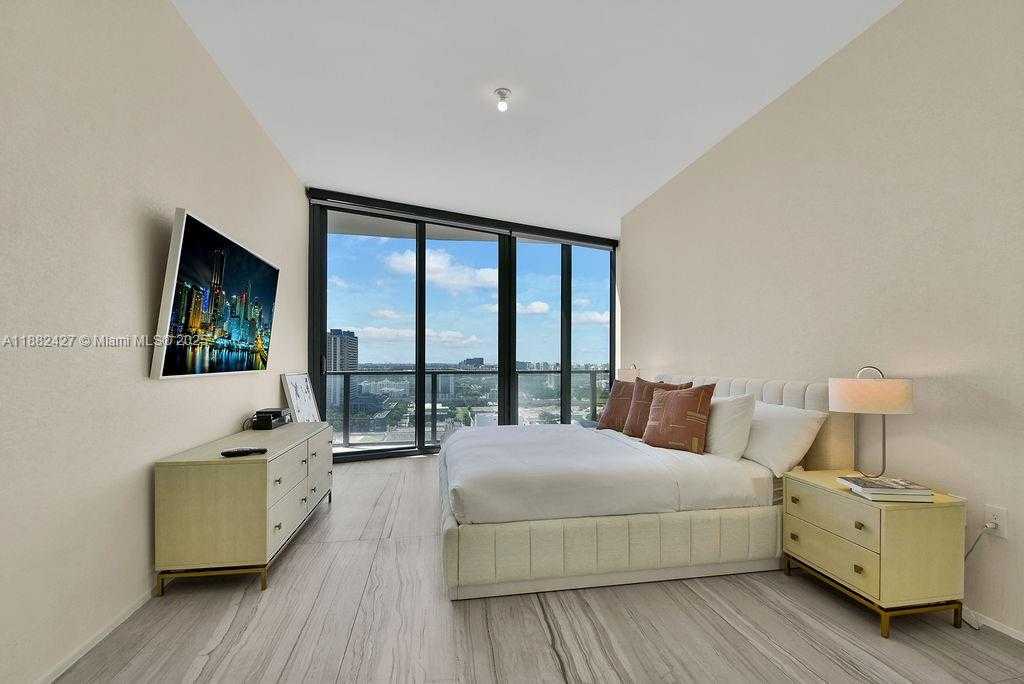 Small Image of 1000 BISCAYNE BLVD #1901, Miami Number 41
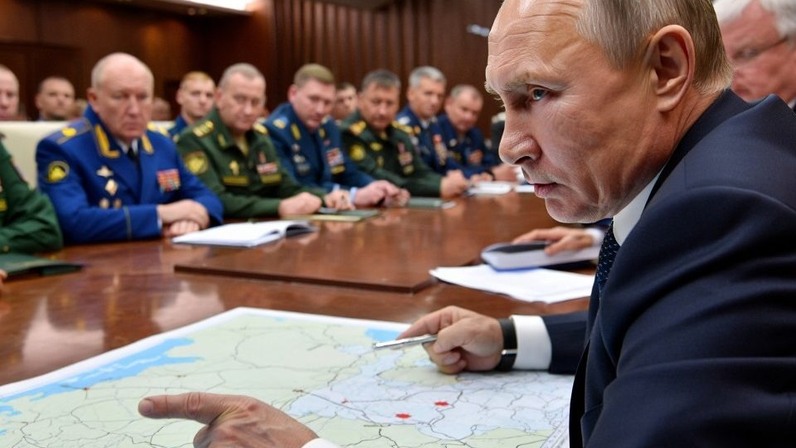NATO Rus uçaklarını Düşürmeye Hazırlanıyor: Putin Meydan Okumayı Kabul Etti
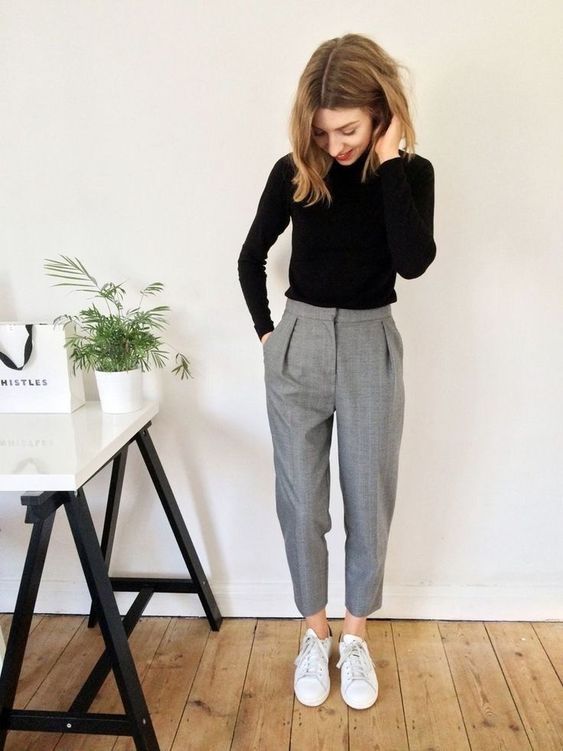 15 grey cropped pants, white sneakers, a black turtleneck are all you need for a comfy casual work look - Styleoholic Vinter Mode Outfits, Outfit Chic, Business Casual Outfits For Women, Foto Tips, Casual Styles, Summer Work Outfits, Womens Business Casual, Quick Outfits, Casual Work Outfit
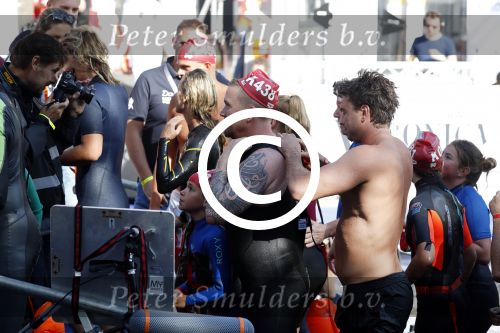 Amsterdam 3 september 2017  
ALS Cityswim in de amsterdamse grachten. Johnny de Mol jr en Rick Brandsteder zemmen met Ralph en Carlijn de Vies en hun kinderen  zoon Daniel en  hun dochter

-------

From the line with "Amsterdam 3 september 2017" to the final line of the entries above, reproduce each line exactly and nothing else; the pictures stay out.

 Amsterdam 3 september 2017  
ALS Cityswim in de amsterdamse grachten. Johnny de Mol jr en Rick Brandsteder zemmen met Ralph en Carlijn de Vies en hun kinderen  zoon Daniel en  hun dochter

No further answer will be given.